Yvonne S. Davidson, Louis Flood, Andrew C. Robinson, Yoshihiro Nihei, Kohji Mori, Sara Rollinson, Anna Richardson, Bridget C. Benson, Matthew Jones, Julie S. Snowden, Stuart Pickering-Brown, Christian Haass, Tammaryn Lashley, David M. A. Mann

Abstract

Frontotemporal Lobar Degeneration (FTLD) encompasses certain related neurodegenerative disorders which alter behaviour, personality and language. Heterogeneous ribonuclear proteins (hnRNPs) maintain RNA metabolism and changes in their function may underpin the pathogenesis of FTLD. Immunostaining for hnRNP A1, A2/B1 and A3 was performed on sections of temporal cortex with hippocampus from 61 patients with FTLD, stratified by pathological hallmarks into FTLD-tau and FTLD-TDP type A, B and C subtypes, and by genetics into patients with C9orf72 expansions, MAPT or GRN mutations, or those without known mutation.

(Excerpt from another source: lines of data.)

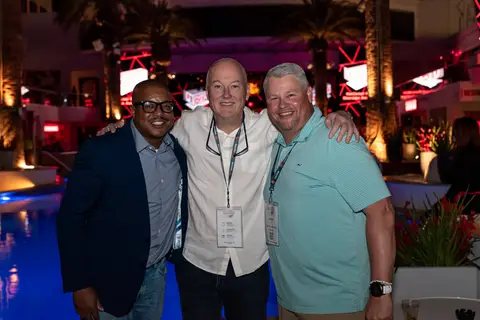 2025 Conference & Trade Show, Las Vegas, photo 201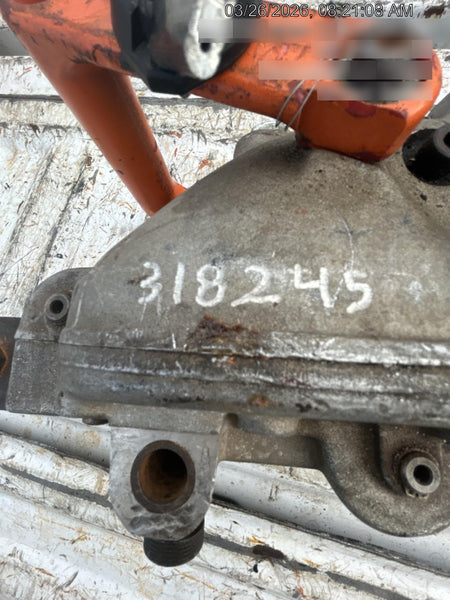 2023 WIDDER 10267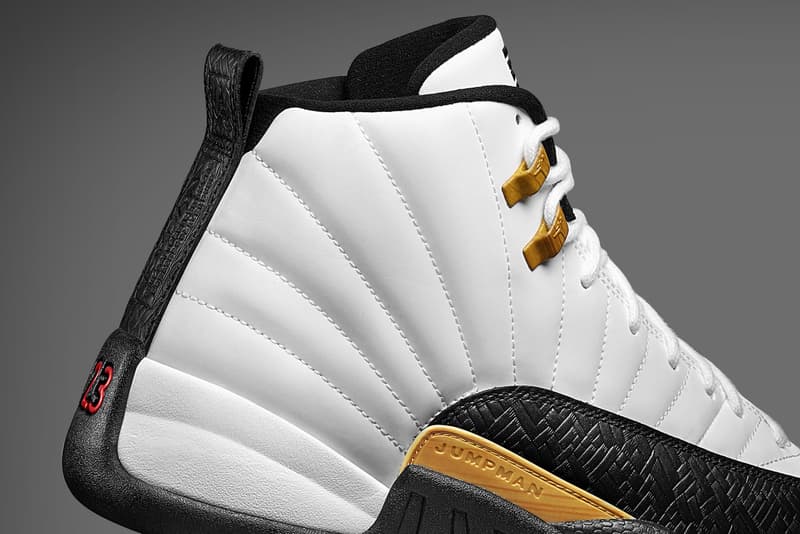 Jordan Brand 全新 Chinese New Year Pack 系列正式上架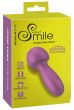 Sweet Smile Metallic Mini Wand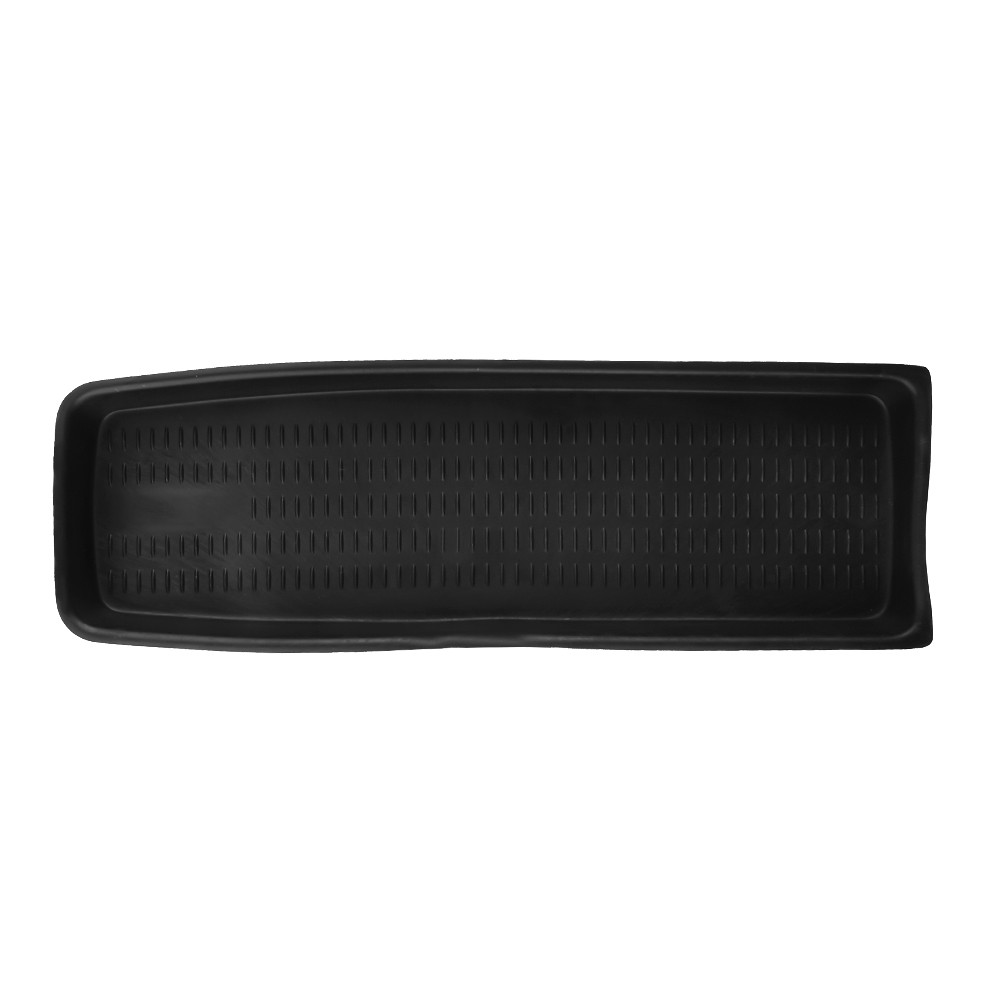 Custom fit Black Center Armrest Storage Box Tray for BMW E90 51167118064 - Picture 7 of 12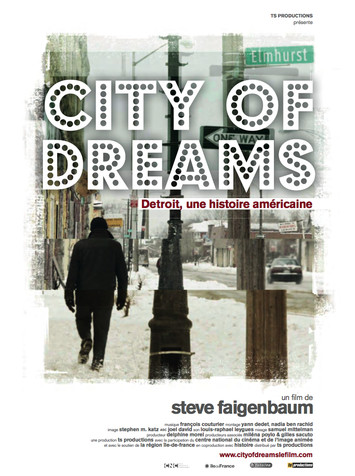 City of Dreams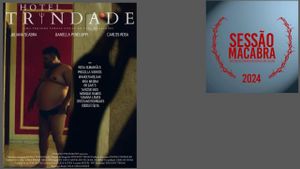 Hotel Trindade's poster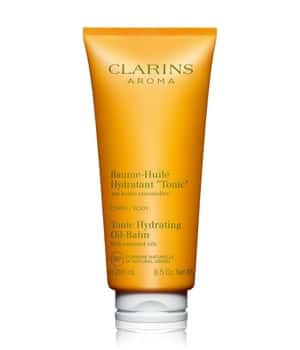 CLARINS Baume-Huile Hydratant "Tonic" Körperöl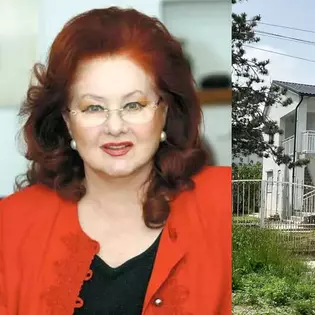 Ce s-a întâmplat cu vila de la 2 Mai a Stelei Popescu la aproape 9 ani de la moartea actriței. Cum arată casa acum și cine a moștenit-o
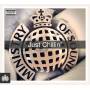 Various - Just Chillin'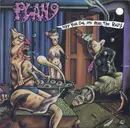 LP - Plan 9 - Keep Your Cool And Read The Rules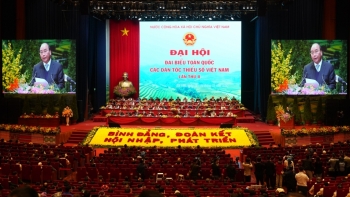 Cội nguồn sức mạnh của đại dân tộc Việt Nam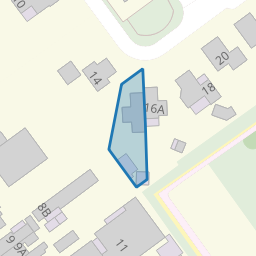 Perceel OWD00-C-12813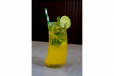 Passion Fruit Mojito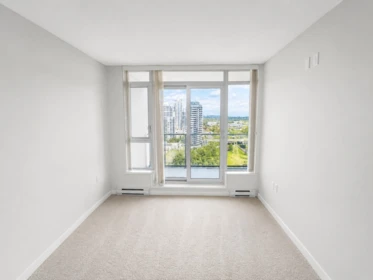 Office / Den Photo of 1901 2388 Madison Avenue, Burnaby, BC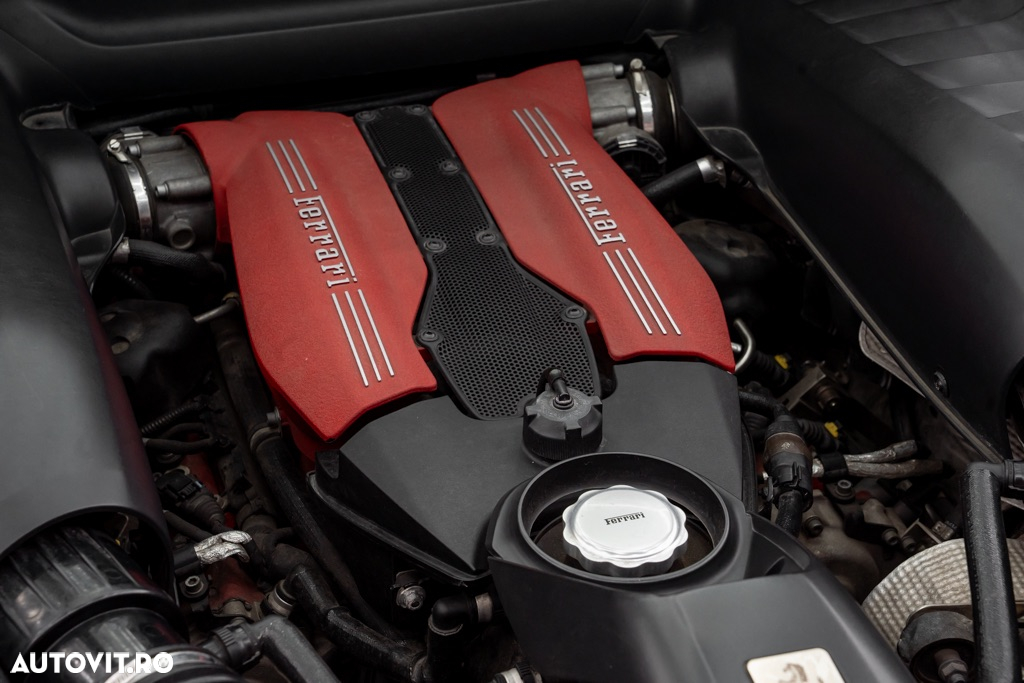 Ferrari 488 GTB - 28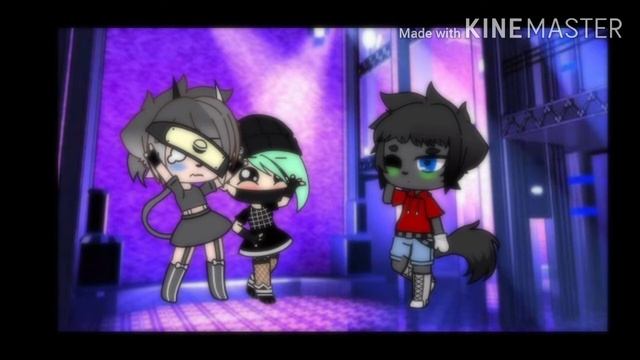 Black (мини сериальчик тип?) смотреть онлайн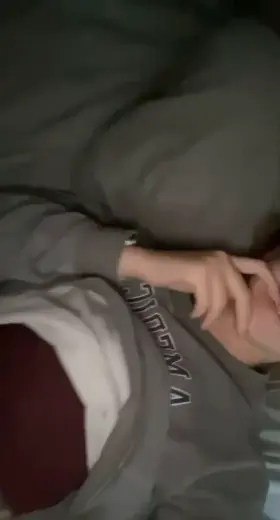 Join me for nap time?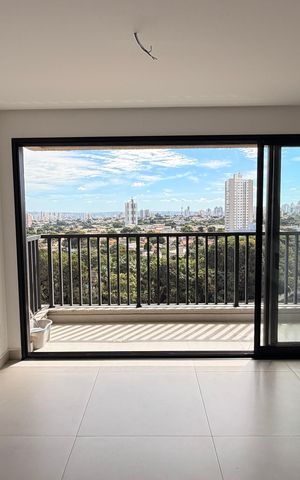 Apartamento para alugar com 74m², 2 quartos e 1 vaga Apartamento para alugar com 74m², 2 quartos e 1 vagaSala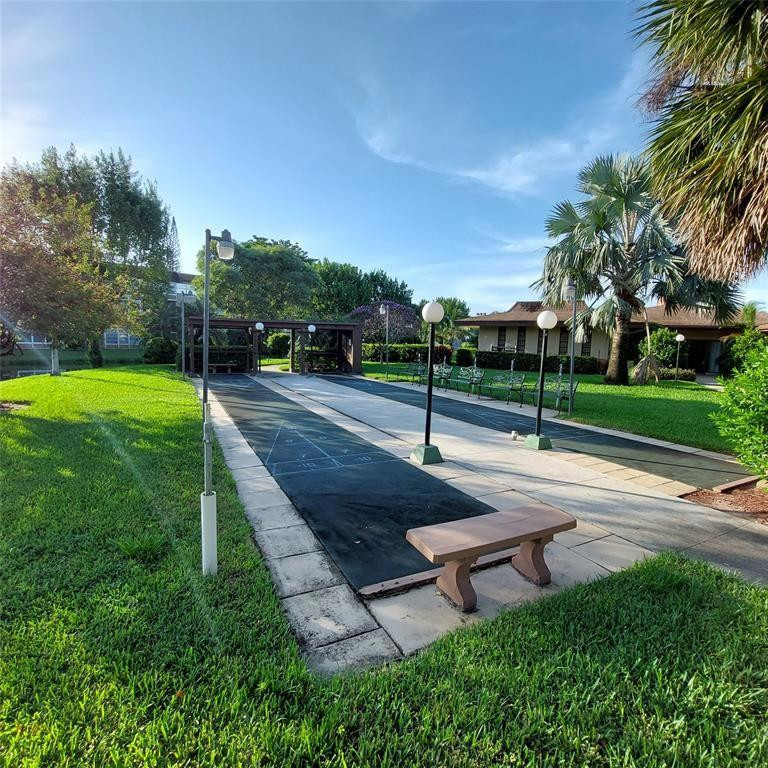 NETTLE GARDENS CONDO - Residential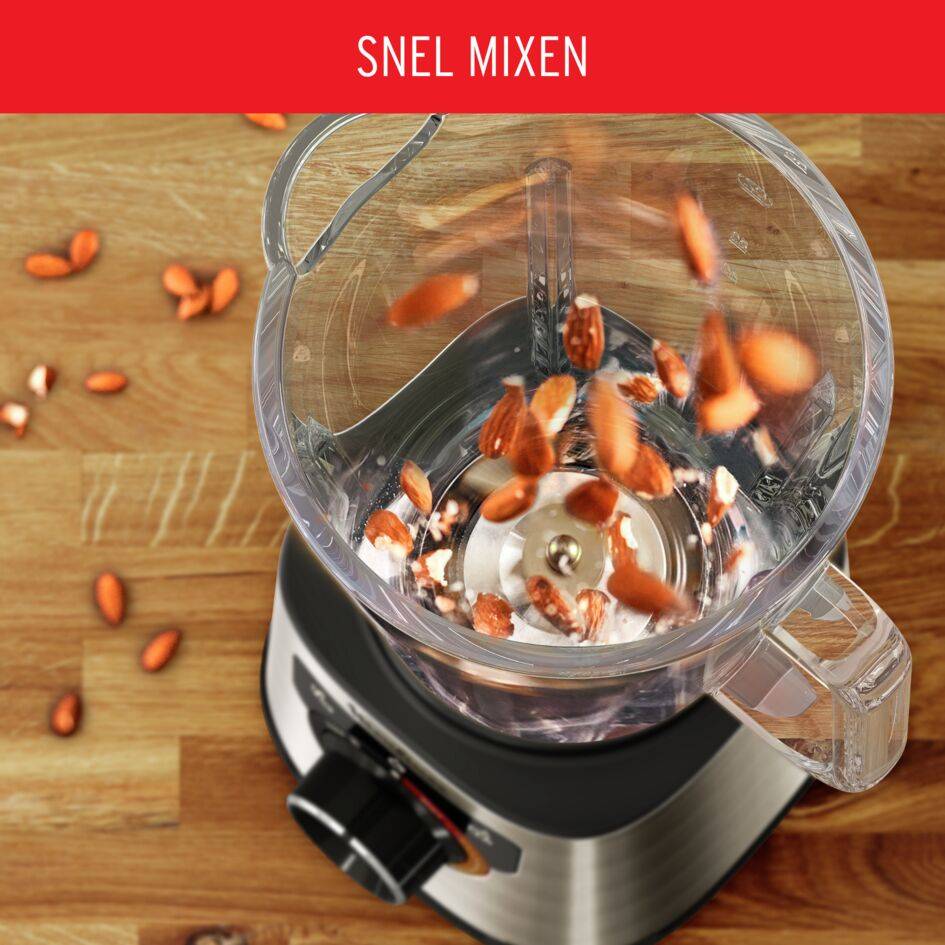 MOULINEX LM871D10 blender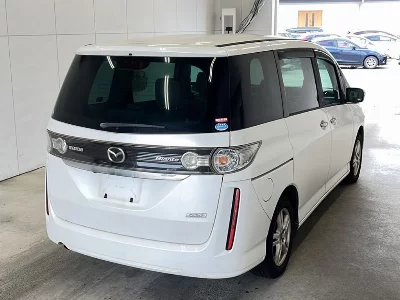 Mazda Biante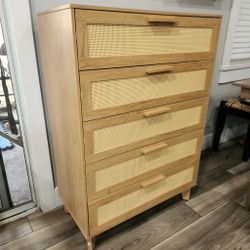 New Dresser/ Cajonera Nueva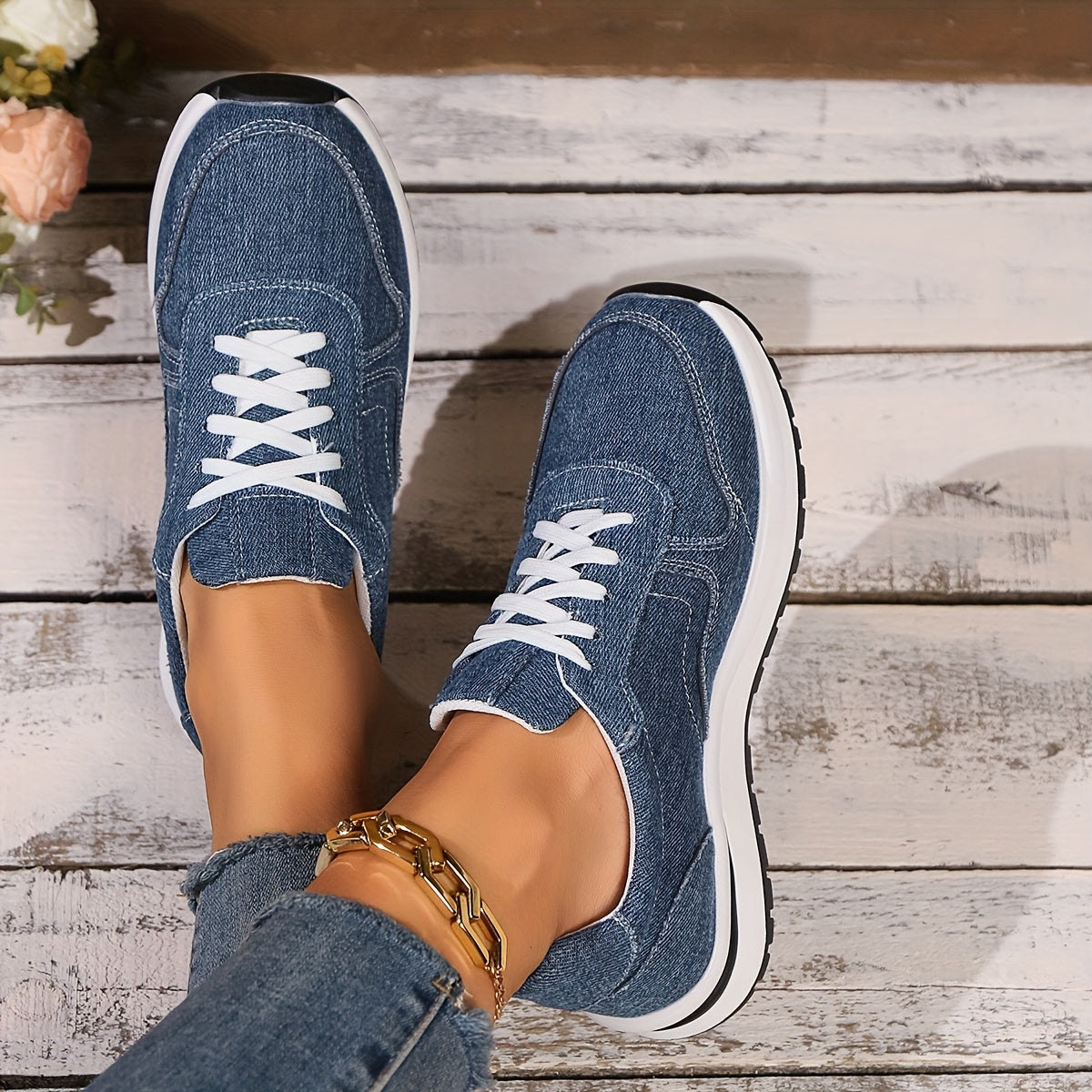 Sena™ - Orthopedic Shoe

Four patients with Motor Neurone Disease (MND) with C9orf72 expansions and 10 healthy controls were also studied. Semi-quantitative analysis assessed hnRNP staining intensity in dentate gyrus (DG) and CA4 region of hippocampus, and temporal cortex (Tcx) in the different pathological and genetic groups.Immunostaining for hnRNP A1, A2/B1 and A3 revealed no consistent changes in pattern or amount of physiological staining across any of the pathological or genetic groups. No immunostaining of any inclusions resembling TDP-43 immunoreactive neuronal cytoplasmic inclusions or dystrophic neurites, was seen in either Tcx or DG of the hippocampus in any of the FTLD cases investigated for hnRNP A1, A2/B1 and A3. However, immunostaining for hnRNP A3 showed that inclusion bodies, resembling those TDP-43 negative, p62-immunopositive structures containing dipeptide repeat proteins (DPR) were variably observed in hippocampus and cerebellum. The proportion of cases showing hnRNP A3-immunoreactive DPR, and the number of hnRNP A3-positive inclusions within cases, was significantly greater in DG than in cells of CA4 region and cerebellum, but the latter was significantly less in all three regions compared to that detected by p62 immunostaining.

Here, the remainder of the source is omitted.